What needs to be done: Take the lines from the one with "Двухкомнатная квартира на" through the end of the material below and repeat them exactly, dropping every picture.

Records to use:
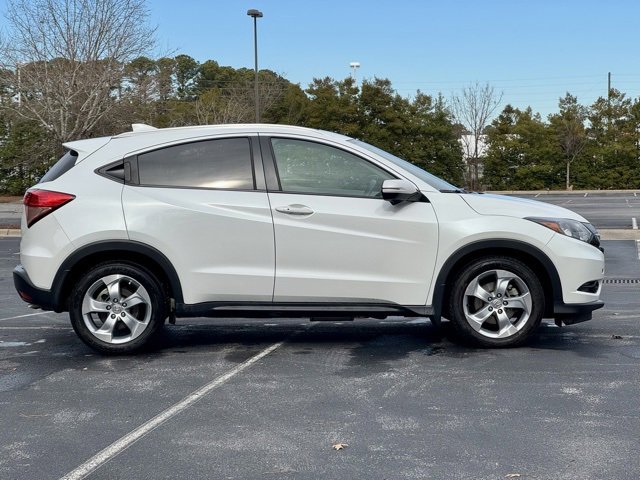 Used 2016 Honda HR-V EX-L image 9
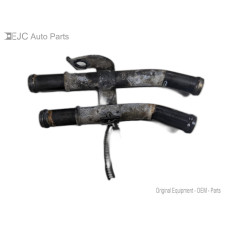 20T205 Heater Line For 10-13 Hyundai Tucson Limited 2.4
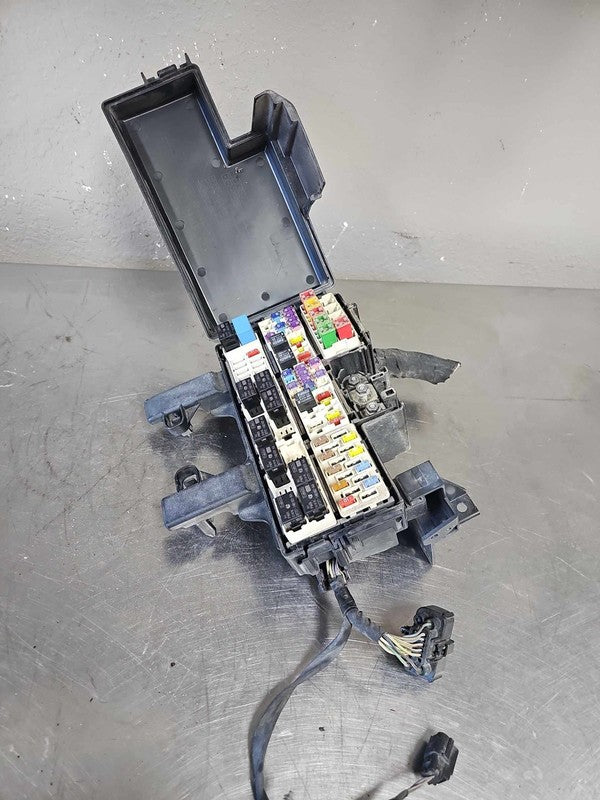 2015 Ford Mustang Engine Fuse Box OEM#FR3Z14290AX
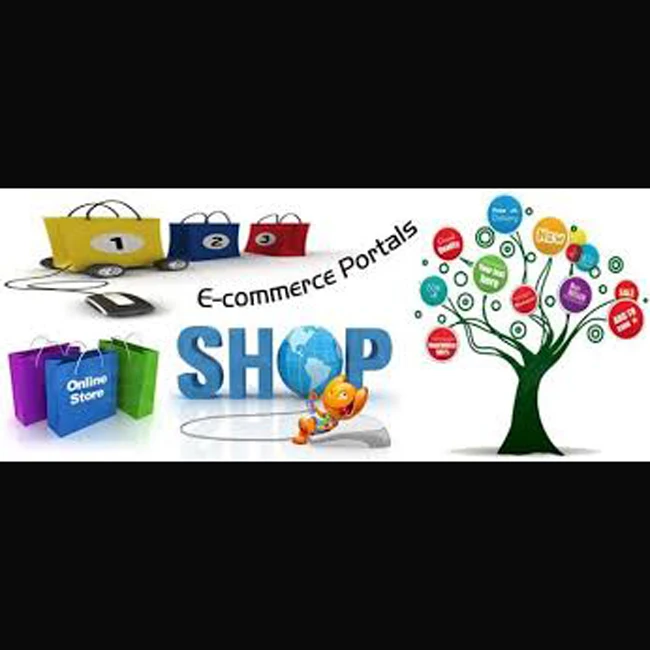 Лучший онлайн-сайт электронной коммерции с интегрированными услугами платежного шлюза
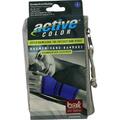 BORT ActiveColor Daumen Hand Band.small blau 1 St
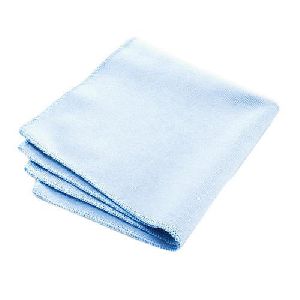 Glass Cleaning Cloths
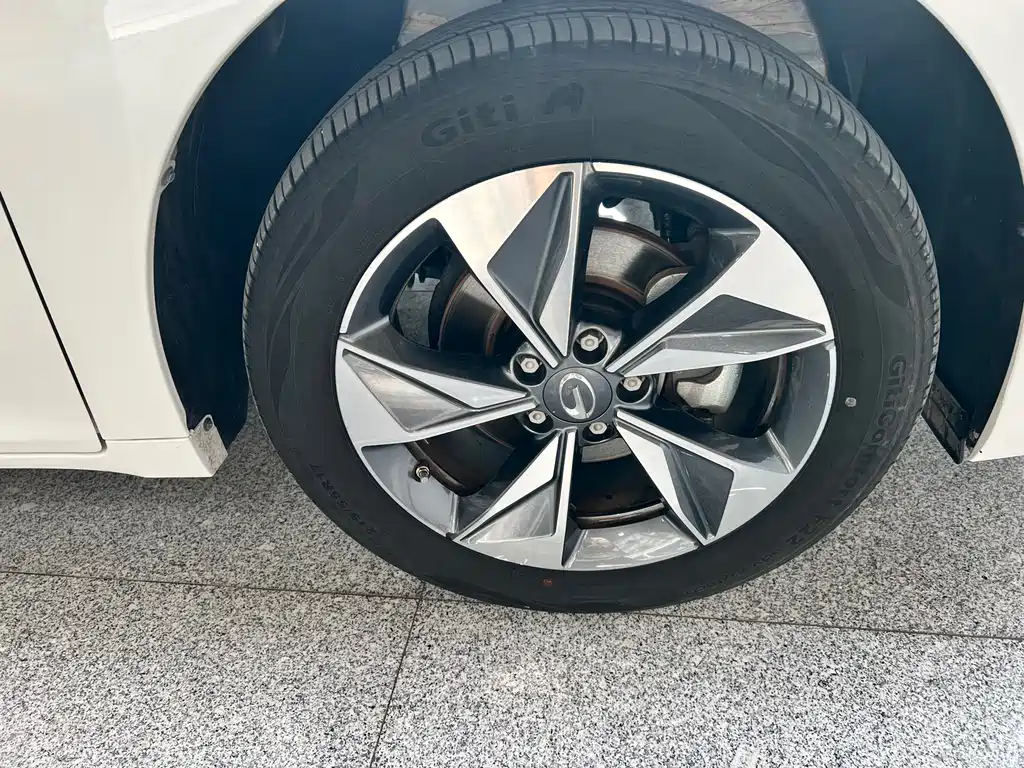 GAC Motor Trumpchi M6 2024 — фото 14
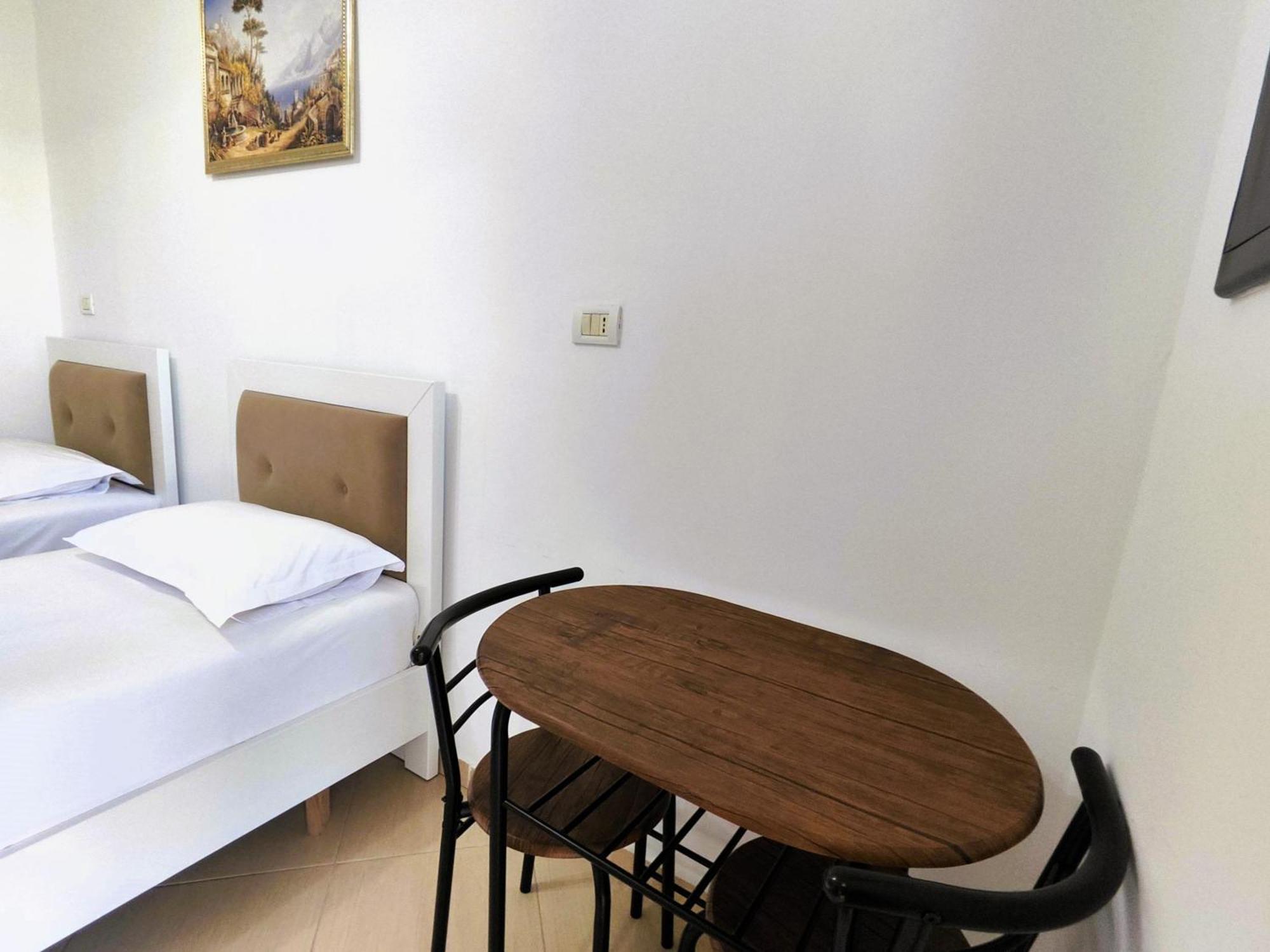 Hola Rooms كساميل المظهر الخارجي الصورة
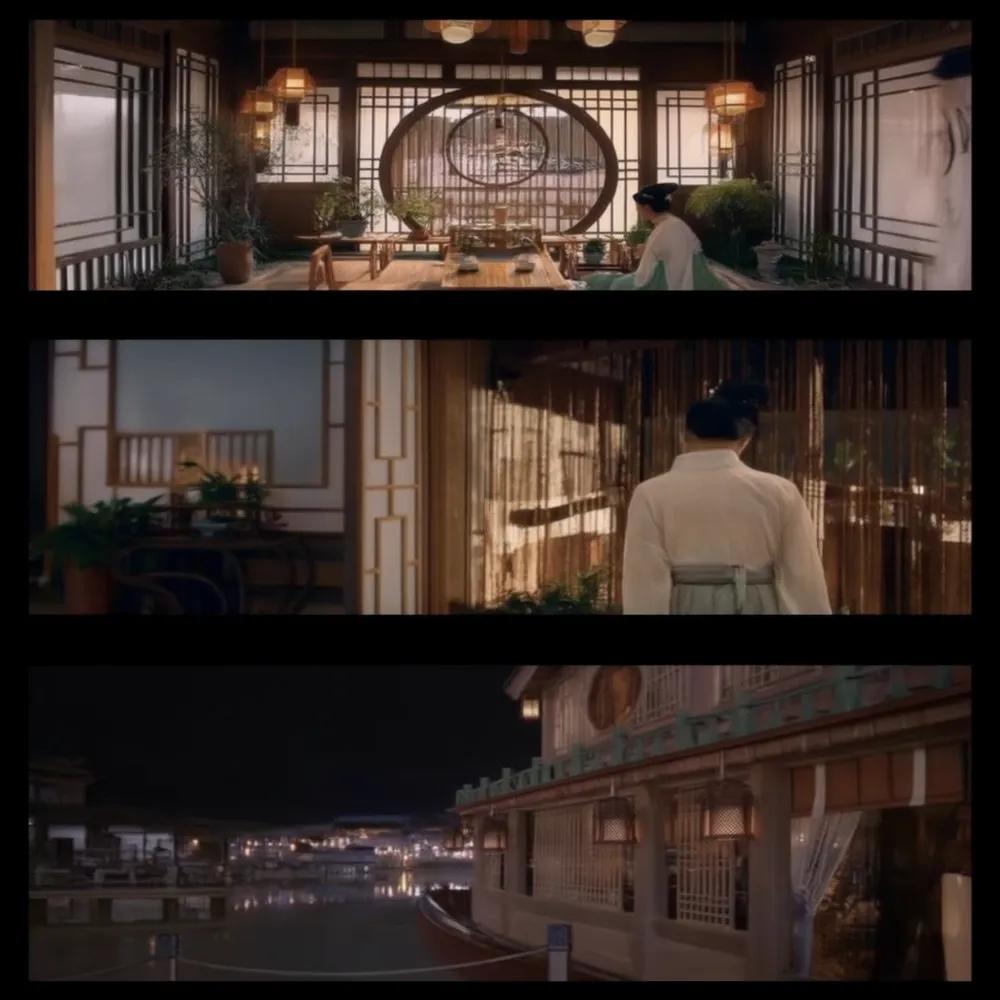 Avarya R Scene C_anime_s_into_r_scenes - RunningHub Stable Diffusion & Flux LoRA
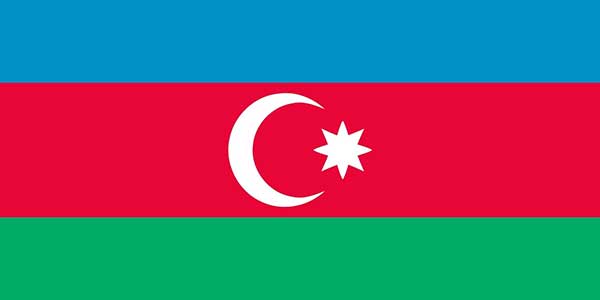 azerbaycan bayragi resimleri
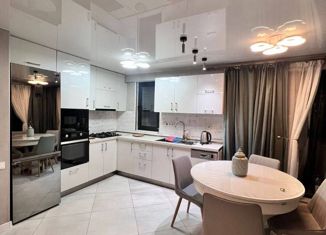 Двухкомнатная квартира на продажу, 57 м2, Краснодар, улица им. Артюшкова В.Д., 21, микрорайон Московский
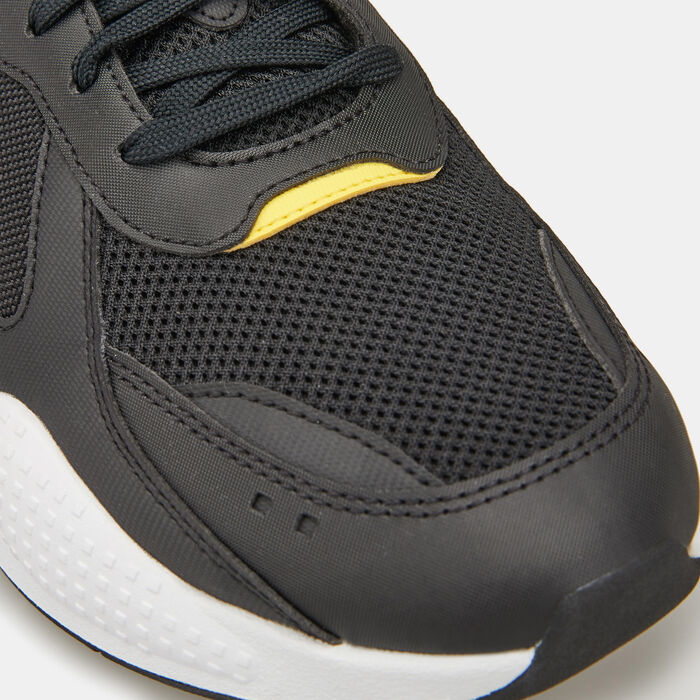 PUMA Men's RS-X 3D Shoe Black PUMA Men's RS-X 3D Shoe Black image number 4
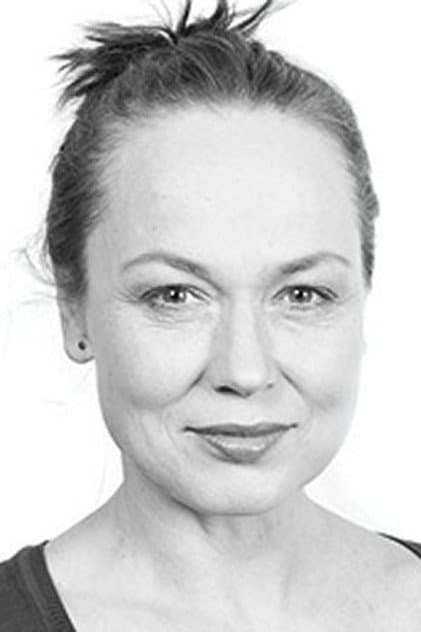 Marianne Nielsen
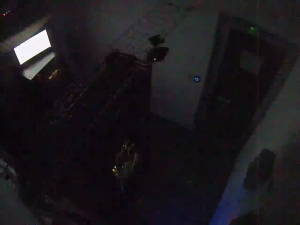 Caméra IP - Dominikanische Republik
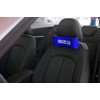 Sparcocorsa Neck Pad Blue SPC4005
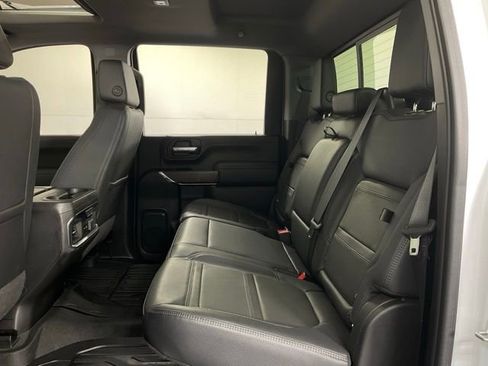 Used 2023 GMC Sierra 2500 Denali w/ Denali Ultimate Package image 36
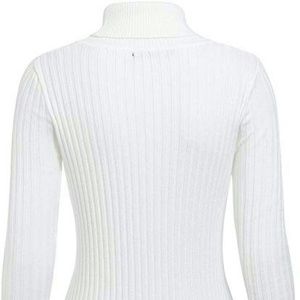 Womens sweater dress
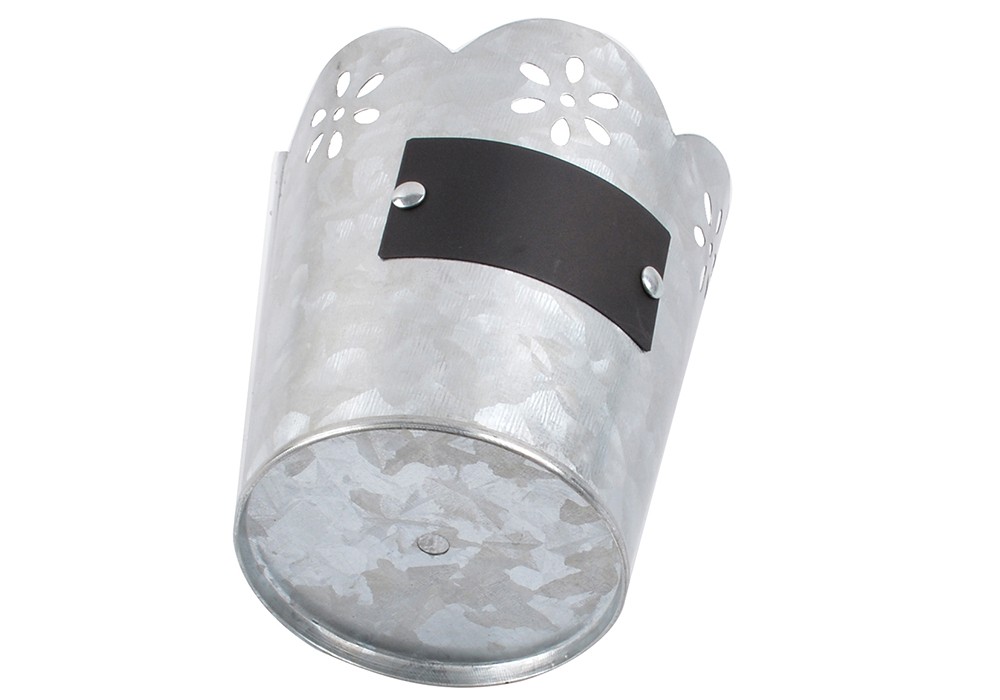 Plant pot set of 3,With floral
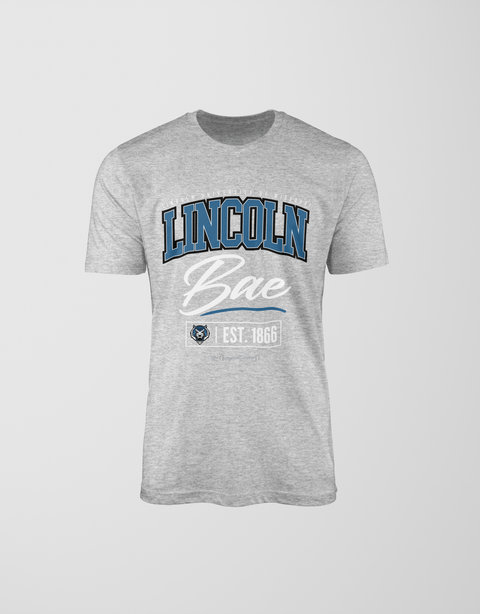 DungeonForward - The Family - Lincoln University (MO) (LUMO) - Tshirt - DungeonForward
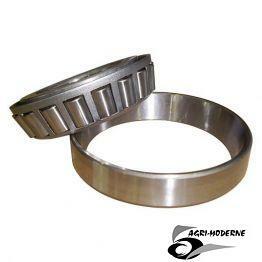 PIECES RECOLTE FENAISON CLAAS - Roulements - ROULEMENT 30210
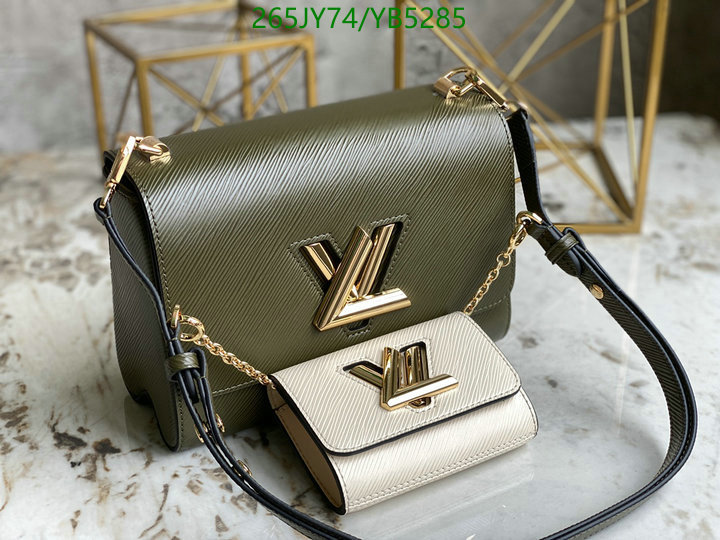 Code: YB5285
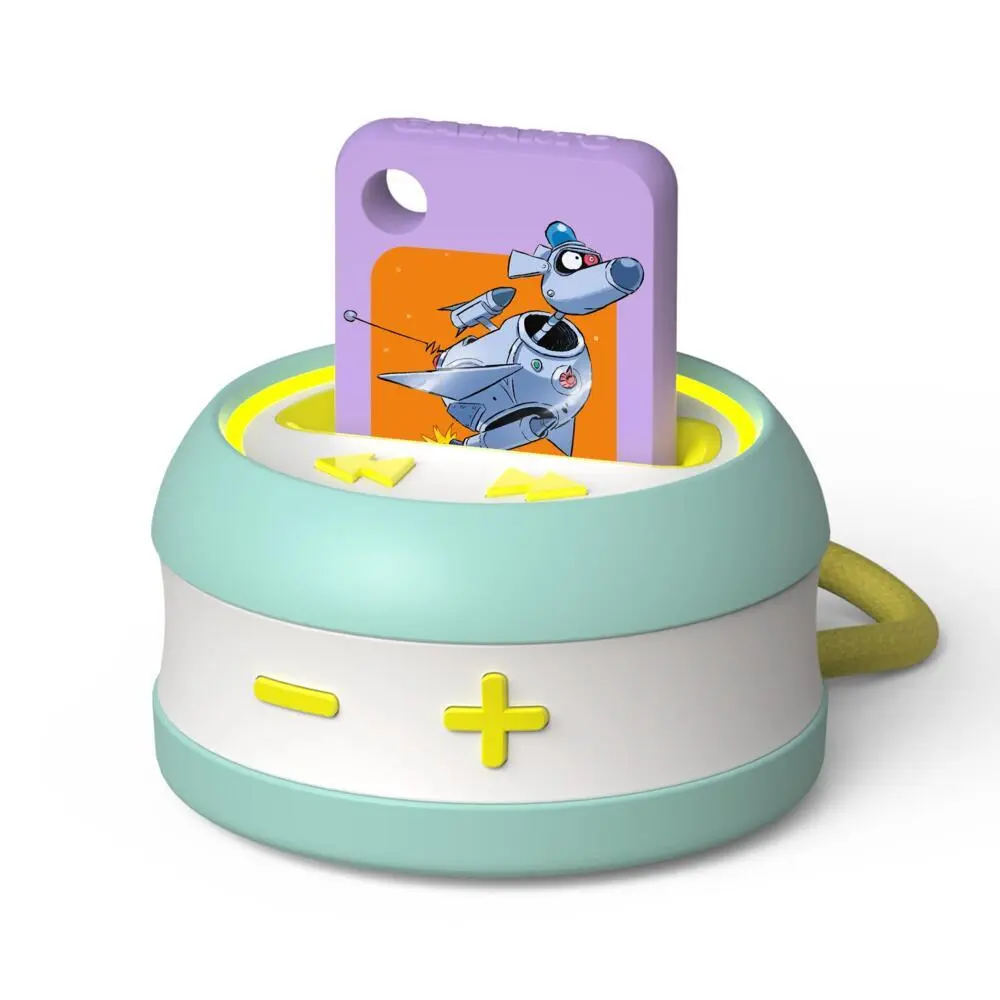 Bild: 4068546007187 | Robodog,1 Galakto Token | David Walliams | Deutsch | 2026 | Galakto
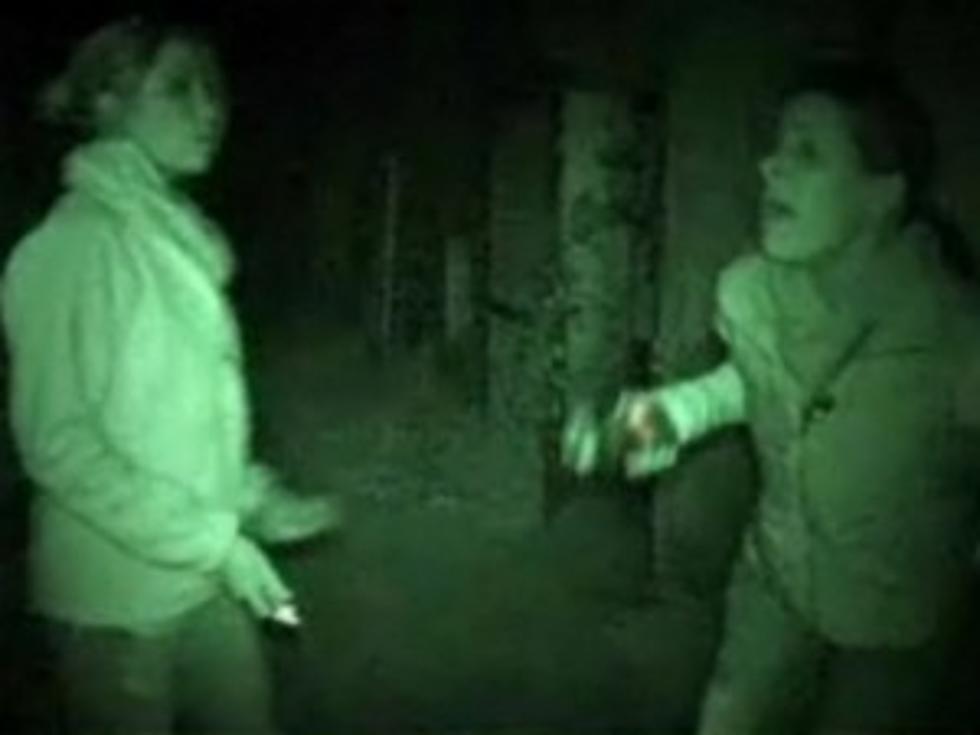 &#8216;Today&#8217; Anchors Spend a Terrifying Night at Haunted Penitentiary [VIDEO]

Reply:
 Двухкомнатная квартира на продажу, 57 м2, Краснодар, улица им. Артюшкова В.Д., 21, микрорайон Московский
 PUMA Men's RS-X 3D Shoe Black PUMA Men's RS-X 3D Shoe Black image number 4
 Marianne Nielsen
 Caméra IP - Dominikanische Republik
 Sparcocorsa Neck Pad Blue SPC4005
 Used 2023 GMC Sierra 2500 Denali w/ Denali Ultimate Package image 36
 Womens sweater dress
 Plant pot set of 3,With floral
 DungeonForward - The Family - Lincoln University (MO) (LUMO) - Tshirt - DungeonForward
 PIECES RECOLTE FENAISON CLAAS - Roulements - ROULEMENT 30210
 Code: YB5285
 Bild: 4068546007187 | Robodog,1 Galakto Token | David Walliams | Deutsch | 2026 | Galakto
 &#8216;Today&#8217; Anchors Spend a Terrifying Night at Haunted Penitentiary [VIDEO]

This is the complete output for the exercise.